L4, High Assurance, and Protection

5 Jan 2004

      In this mail I am trying to address two very specific problems in L4
that are impediments in high-assurance certification. While fixing these
issues would improve the likelihood of supporting a system like EROS on
L4, both issues need to be addressed even if EROS is not a consideration
at all.

I should explain that I have been involved in some high assurance work
in connection with a couple of consulting clients. In each case, L4 was
seriously considered and was discarded because of the issues I will
describe below. Setting aside any question of running EROS on top of L4,
I would like to see it possible for a good uKernel (L4) to be used as
the base of a serious high-assurance system.

I should also emphasize that I may be wrong about some details of L4,
and that if this is true I would like to be corrected!

Issue 1: Need for Protected IPC

On Thu, 2004-01-01 at 18:09, Volkmar Uhlig wrote:
...
If it does not matter where the check code is executed
(client/kernel/server) but only who gets accounted for the used
resources (CPU, cache, whatever) this is not the case.  (I'm not
claiming L4 can do that (yet).)
In answer to Volkmar's question: it matters very fundamentally where the
check is performed. It is the difference between mandatory and
discretionary controls.

The current L4 IPC is discretionary: the sender can invoke anyone, and
the recipient checks the sender identity and decides whether to accept
the IPC.

There are a variety of secure system designs that impose some form of
mandatory information flow policy. These include multilevel secure
systems, but more generally, almost any system that uses reference
monitor(s) for any reason (including recoverability).

In such systems, it is a fundamental requirement that the reference
monitor be able to PREVENT (absolutely) communication between processes
that are under its control. If a sender S is not permitted to send to a
recipient R, the behavior must be exactly as if the send was performed
to a non-existent ID. 

Such systems include any system that seeks A1, EAL6, or EAL7
certification (or equivalent -- including FAA level A and British and
German equivalents).
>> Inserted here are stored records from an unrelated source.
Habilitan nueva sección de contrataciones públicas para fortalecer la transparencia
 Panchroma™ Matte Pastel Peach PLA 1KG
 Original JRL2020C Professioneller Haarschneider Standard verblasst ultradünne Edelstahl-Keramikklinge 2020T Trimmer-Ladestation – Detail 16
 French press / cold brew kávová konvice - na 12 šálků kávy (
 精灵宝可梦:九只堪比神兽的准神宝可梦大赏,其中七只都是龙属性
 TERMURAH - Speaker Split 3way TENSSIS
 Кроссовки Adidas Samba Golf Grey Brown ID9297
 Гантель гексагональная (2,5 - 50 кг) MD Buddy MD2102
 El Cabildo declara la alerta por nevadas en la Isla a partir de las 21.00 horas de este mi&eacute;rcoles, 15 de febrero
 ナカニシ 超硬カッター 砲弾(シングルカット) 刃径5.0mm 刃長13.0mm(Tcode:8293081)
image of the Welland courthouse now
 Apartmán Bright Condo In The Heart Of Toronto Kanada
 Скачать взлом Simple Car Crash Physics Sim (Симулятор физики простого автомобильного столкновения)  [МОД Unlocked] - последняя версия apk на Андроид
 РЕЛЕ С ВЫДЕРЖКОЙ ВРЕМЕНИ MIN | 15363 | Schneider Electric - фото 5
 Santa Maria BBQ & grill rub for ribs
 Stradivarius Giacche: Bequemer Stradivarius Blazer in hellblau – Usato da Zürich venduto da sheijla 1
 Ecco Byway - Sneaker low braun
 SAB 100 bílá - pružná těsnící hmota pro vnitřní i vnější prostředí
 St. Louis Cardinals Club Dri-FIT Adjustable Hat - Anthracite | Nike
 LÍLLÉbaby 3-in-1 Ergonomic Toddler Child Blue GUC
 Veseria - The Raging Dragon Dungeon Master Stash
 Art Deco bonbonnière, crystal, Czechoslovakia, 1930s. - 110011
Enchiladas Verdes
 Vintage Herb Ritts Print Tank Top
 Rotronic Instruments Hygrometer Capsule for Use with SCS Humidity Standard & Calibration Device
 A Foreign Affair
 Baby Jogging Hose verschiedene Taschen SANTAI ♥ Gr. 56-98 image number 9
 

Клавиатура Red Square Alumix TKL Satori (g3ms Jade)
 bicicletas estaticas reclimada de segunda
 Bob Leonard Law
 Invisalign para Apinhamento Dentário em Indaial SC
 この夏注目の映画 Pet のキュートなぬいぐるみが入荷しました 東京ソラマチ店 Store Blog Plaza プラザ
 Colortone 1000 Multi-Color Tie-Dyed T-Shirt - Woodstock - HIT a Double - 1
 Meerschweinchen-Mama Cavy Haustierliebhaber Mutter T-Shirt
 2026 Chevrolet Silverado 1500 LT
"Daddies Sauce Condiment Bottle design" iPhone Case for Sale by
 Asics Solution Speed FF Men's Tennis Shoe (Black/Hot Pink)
In a system of this sort, the sender is not even
permitted to know of the *existence* of R indirectly. Disclosing
recipient thread-ids indirectly discloses this information (it is a
failure of encapsulation). This means that the current L4 architecture
cannot obtain an EAL6 or EAL7 certification today.

Setting aside any question of supporting EROS, this inability to meet
high assurance security requirements violates the "L4 is universal"
argument in a very basic way. This issue and one other (discussed below)
have forced me (as a consultant) to advise two large and serious US
companies against using L4 in high-assurance products. [To be clear:
EROS wasn't even a candidate. L4 was frustratingly close to possible,
and I would have loved to recommend L4.]

The main change that is needed in L4 to resolve this is to define the
recipient-id and sender-id fields as opaque fields. Under high-assurance
requirements, the sender is not entitled to know how many threads
execute within the recipient. The sender-id and recipient-id therefore
must not encode "thread within process". Similarly, it must not encode
"process ID".

Of these two requirements, I suspect that eliminating "thread within
process" is the harder part. If the recipient-id and sender-id today
were simply process id's, L4 could architecturally redefine them as
opaque values. A low-assurance implementation could simply use the
process control block address as the value, while a high-assurance
implementation would implement software protection on the value.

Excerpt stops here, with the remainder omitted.